Sometimes, in order to lock in the $5 million estate planning tax exemption, clients gift away their excess assets. While gifting is good, and even better if you can avoid taxes by doing it, some clients give away too much, and are no longer able to maintain their standard of living in retirement.
This makes the trustee’s job a bit easier, too. With IRA trusts, the trustee was often unaware of how the inherited IRA RMDs would work and what tax rules had to be followed. With the insurance trust, the trustee need only know the client’s post-death wishes and carry them out according to the terms stated in the trust.
Life insurance trusts can be more versatile for multigenerational planning as well, keeping the funds protected for decades if desired.

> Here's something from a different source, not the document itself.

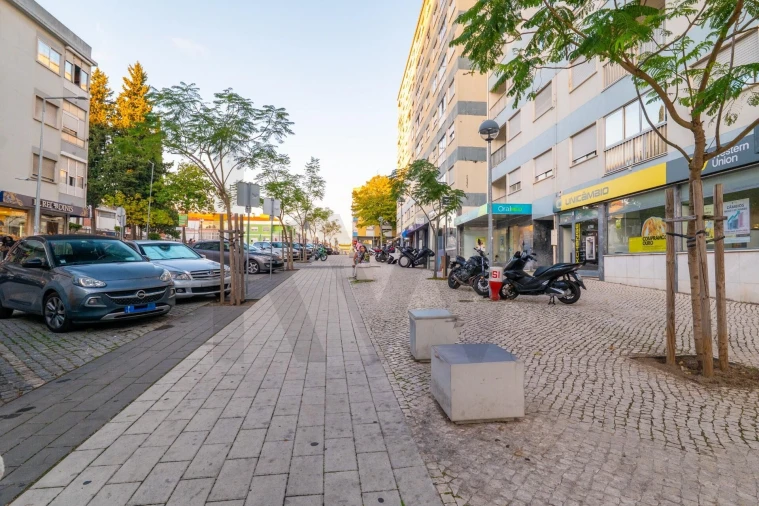 Apartamento T3 para Venda em Odivelas Foto 29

Even clients with smaller IRAs could use this strategy simply to leverage their IRA wealth to the next generation, leaving larger inheritances with less tax complications.
Grandson scenario
Consider this scenario: A client is currently leaving a $1 million IRA to a conduit IRA trust for the benefit of his grandchildren.

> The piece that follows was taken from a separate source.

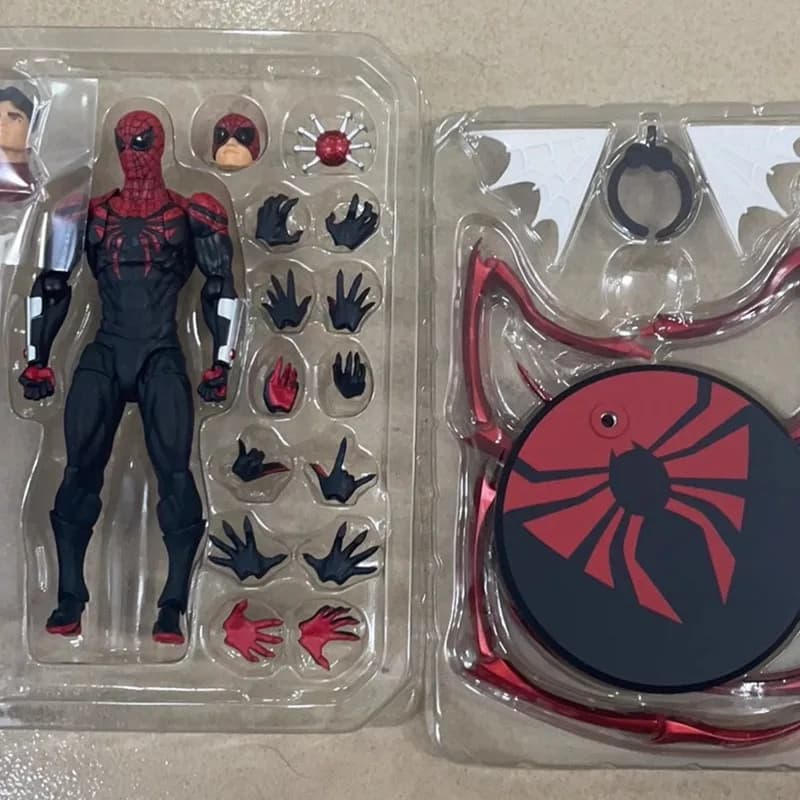 Hot Toys Superior Spider-Man Miles Morales Action Figure Articolata da Collezione con Teste, Mani e Supporto Sostituibili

Under the old stretch IRA rules, if the trust qualified as a see-through trust, RMDs could be based on the age of the oldest grandchild, say, a 19-year-old. RMDs would be paid to the trust and from the trust right through to the individual grandchildren over 64 years (the life expectancy for a 19-year-old), leaving the bulk of the inherited IRA funds protected in trust for decades.
Meanwhile, the grandchildren receive only about 1.6% to 2% percent of the account for the first 14 years with the percentage increasing very slightly each year. That percentage of IRA funds being released to them would stay under 10% for over 50 years. Those smaller RMDs would keep tax bills lower for many years and keep the balance of the nondistributed trust funds protected.
But no more. Under the Secure Act, if this plan stays as is, all of the funds will be released to the grandchildren and taxed by the end of the 10th year after death — contrary to the client’s intention. Even if a discretionary (accumulation) trust was used to keep more funds protected, the entire inherited IRA balance would still have to be paid out to the trust by the end of the 10 years — and be taxed at trust rates for any funds retained in the trust for continued protection. That’s too high of a cost.
Even clients with smaller IRAs could use this strategy simply to leverage their IRA wealth to the next generation.
Instead, change this to a life insurance estate plan. Withdraw the IRA funds over time using today’s low tax rates and use the funds to buy a life insurance policy. Due to the life insurance leverage, the payout after death can far exceed the $1 million balance in the IRA, of course depending on the client’s age and health.
Options
Like all plans, this one has is not a good fit for all clients.
Not everyone is insurable. Obviously, it’s better to present this plan while clients can still qualify for life insurance. For older or other less-healthy clients, a Roth conversion can provide similar results, but the tax-free period would be limited to 10 years after death for most beneficiaries. Still, the Roth conversion eliminates the post-death tax bill and can work better for IRA trusts.
Life insurance is a long-term commitment. Clients must be made aware of this and be comfortable making the premium payments each year for the bigger long-term benefit. While this should be done with funds not needed during the client’s life, continued pay-ins can increase the cash value available during their lifetime once the policy has had time to grow.